Provided material —

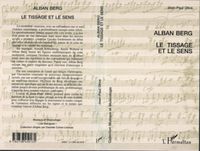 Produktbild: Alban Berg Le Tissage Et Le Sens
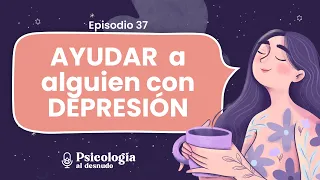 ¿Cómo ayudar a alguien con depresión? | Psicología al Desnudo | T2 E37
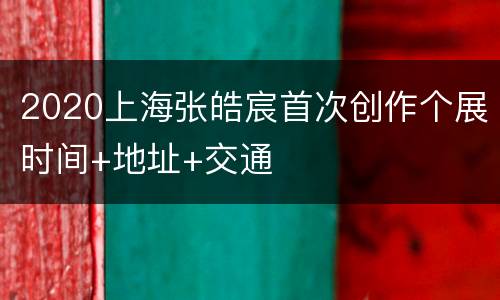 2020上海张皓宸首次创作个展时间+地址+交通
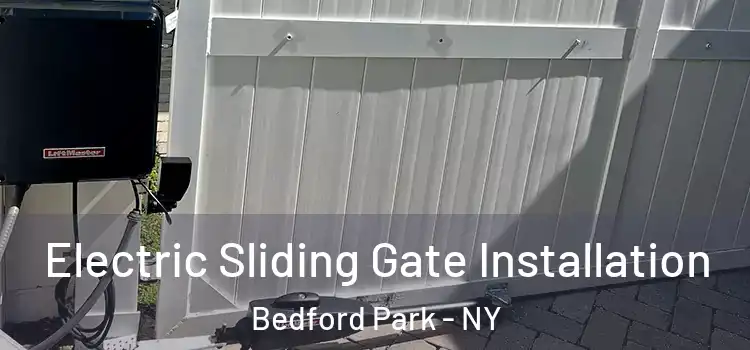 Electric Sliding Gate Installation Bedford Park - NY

Try it — All lines from the line containing "2020上海张皓宸首次创作个展时间+地址+交通" through the end of the listing above are to be given again exactly; pictures are not part of the copy.

Solution to this task —
 2020上海张皓宸首次创作个展时间+地址+交通
 Electric Sliding Gate Installation Bedford Park - NY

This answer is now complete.